Some local Mosques in Dewsbury have also been helping their Maddrassah pupils look at an interesting story linked to Holocaust remembrance. The story is about a brave lady from Britain’s wartime ‘secret army’ of intelligence agents.
Princess Noor-Un-Nisa Inayat Khan’s wealthy family was originally from British India but had moved to London in 1914. She went to a nursery and school in Notting Hill.
Her family then moved to France in 1920 to be closer to their Sufi-Muslim relatives who lived in Suresnes outside Paris. But the family was forced to flee back to England after the outbreak of the Second World War when France was overrun by German troops.
As a Sufi-Muslim lady, although Noor Inayat Khan was deeply pacifist and against violence, she still decided to “do her bit” for the war effort by first joining the Women’s Auxiliary Air Force in 1940, and later volunteering to join the Special Operations Executive (France Section) in June 1941.
Noor Inayat Khan was given special training as a wireless operator to work from inside enemy territory and became the first woman during World War Two to be sent over to Nazi-occupied France in such a role because of her fast and accurate wireless telegraphy skills.

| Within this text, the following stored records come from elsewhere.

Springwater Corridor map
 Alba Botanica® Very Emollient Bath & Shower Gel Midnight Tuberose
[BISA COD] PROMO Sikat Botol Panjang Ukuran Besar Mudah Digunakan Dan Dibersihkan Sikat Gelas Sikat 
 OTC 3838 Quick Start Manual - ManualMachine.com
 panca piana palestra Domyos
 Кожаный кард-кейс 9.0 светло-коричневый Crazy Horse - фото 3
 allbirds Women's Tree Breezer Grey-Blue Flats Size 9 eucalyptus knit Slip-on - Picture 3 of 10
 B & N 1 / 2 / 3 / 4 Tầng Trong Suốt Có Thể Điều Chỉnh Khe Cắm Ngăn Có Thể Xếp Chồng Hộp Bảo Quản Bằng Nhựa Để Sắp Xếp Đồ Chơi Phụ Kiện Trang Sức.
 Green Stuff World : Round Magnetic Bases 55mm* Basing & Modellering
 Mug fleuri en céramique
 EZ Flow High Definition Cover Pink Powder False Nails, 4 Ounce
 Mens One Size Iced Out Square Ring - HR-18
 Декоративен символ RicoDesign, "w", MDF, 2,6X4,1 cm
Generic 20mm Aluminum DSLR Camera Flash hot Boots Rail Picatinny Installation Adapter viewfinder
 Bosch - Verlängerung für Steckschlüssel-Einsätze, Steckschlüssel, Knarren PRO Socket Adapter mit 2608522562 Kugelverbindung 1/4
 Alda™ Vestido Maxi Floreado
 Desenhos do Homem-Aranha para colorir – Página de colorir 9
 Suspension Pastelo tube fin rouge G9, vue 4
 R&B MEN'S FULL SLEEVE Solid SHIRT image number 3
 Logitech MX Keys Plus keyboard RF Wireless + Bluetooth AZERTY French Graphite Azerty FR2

The mission was hazardous and dangerous. Her job was to operate the wireless alone, moving from one location to another, in different French cities or towns where she would be a total stranger.
She would have to transmit information in Morse Code back to her instructors without getting detected by the Gestapo.
Besides the role as an operator, Noor Inayat Khan also spent a large amount of her time giving refuge to fleeing elderly Jewish couples and French-Algerian Muslim families whom she would allow to hide in her attic or barn.
A wireless operator was expected to survive in France for just six weeks before getting captured by the enemy. Yet, Noor Inayat Khan evaded arrest for nearly two years until she was caught in 1943 and taken to Dachau Concentration Camp.
Despite being severely tortured, having her finger and toe-nails pulled out, Noor Inayat Khan was shackled in chains and kept in a dark unlit cold single cell at Dachau for more than a year by the camp’s interrogators.
Despite this she refused to confess anything about her secret work.
The conditions she was kept in at Dachau were so appalling other prisoners used to hear her crying loudly at night.
She was executed by firing squad at dawn on 13 September 1944 to become another of the six million Holocaust victims.